[[ Dataset excerpt, beginning ]]
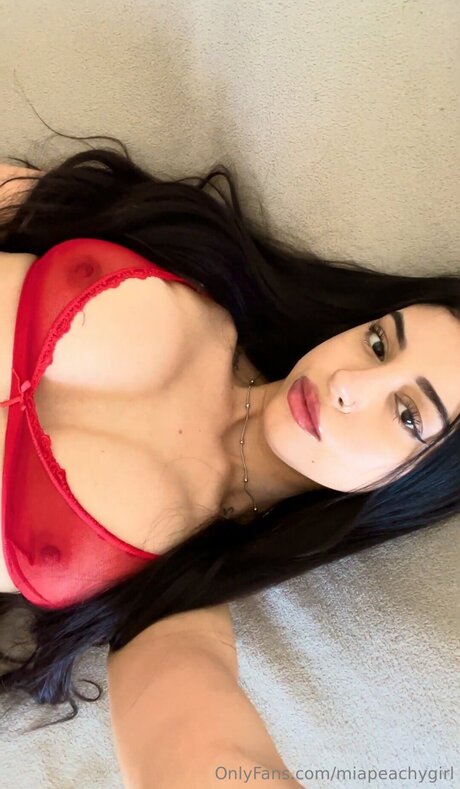 Miapeachygirl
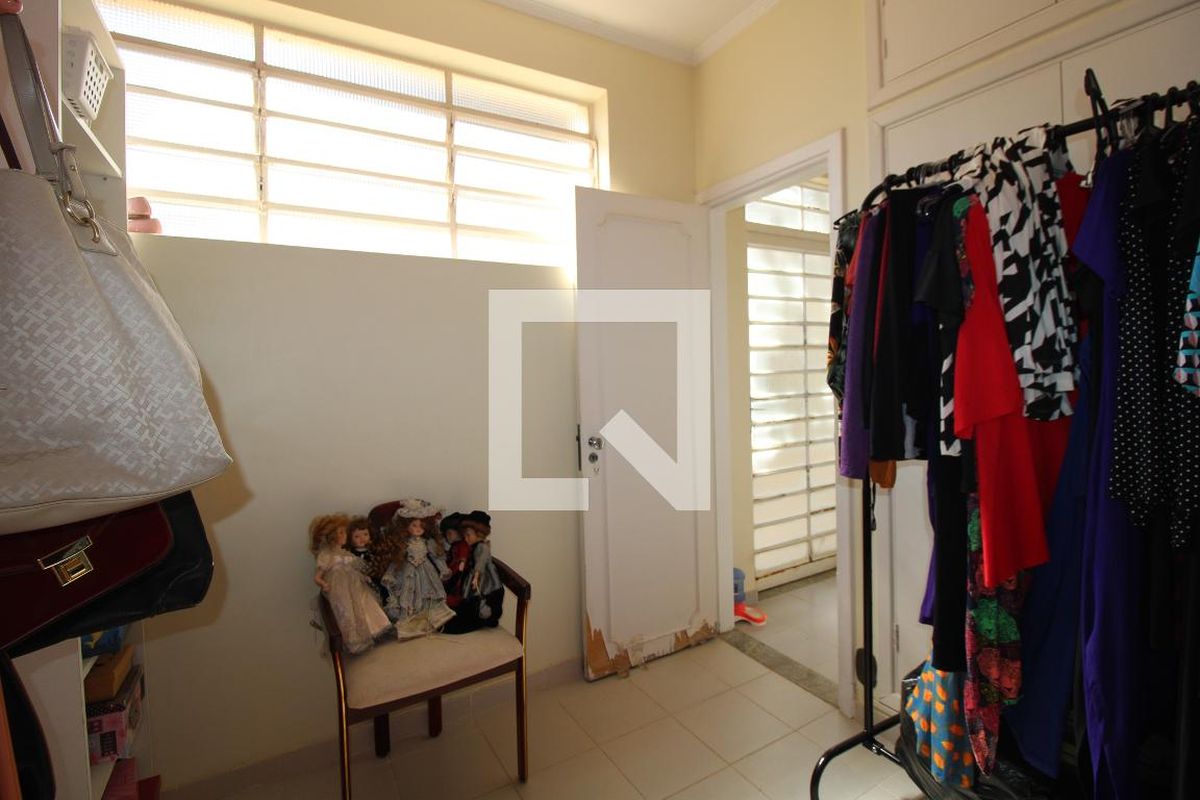 Casa à Venda - Nova Campinas, 3 Quartos,  350 m2 em , Campinas - sp | SoloBR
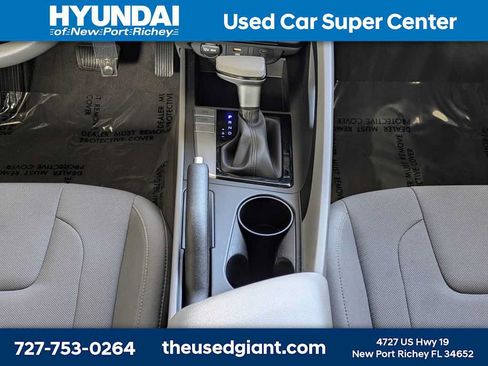 Used 2024 Hyundai Elantra SE FWD image 19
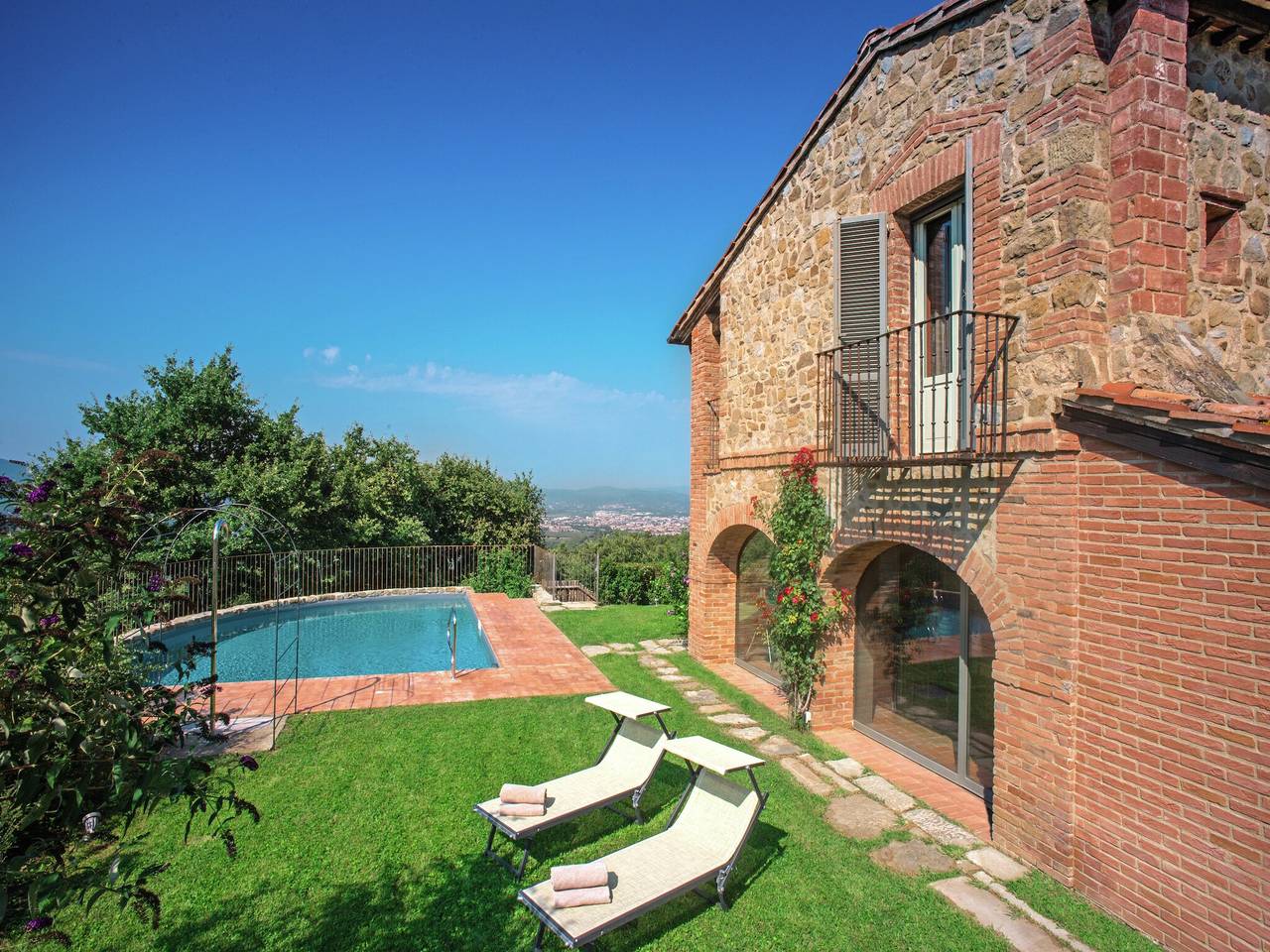Villa con piscina e fascino della regione vinicola in Arezzo, Provincia di Arezzo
[[ Dataset excerpt, end ]]
> Instructions for the task
With the images removed, write out all of the material above exactly.

> Exercise answer
 Miapeachygirl
 Casa à Venda - Nova Campinas, 3 Quartos,  350 m2 em , Campinas - sp | SoloBR
 Used 2024 Hyundai Elantra SE FWD image 19
Villa con piscina e fascino della regione vinicola in Arezzo, Provincia di Arezzo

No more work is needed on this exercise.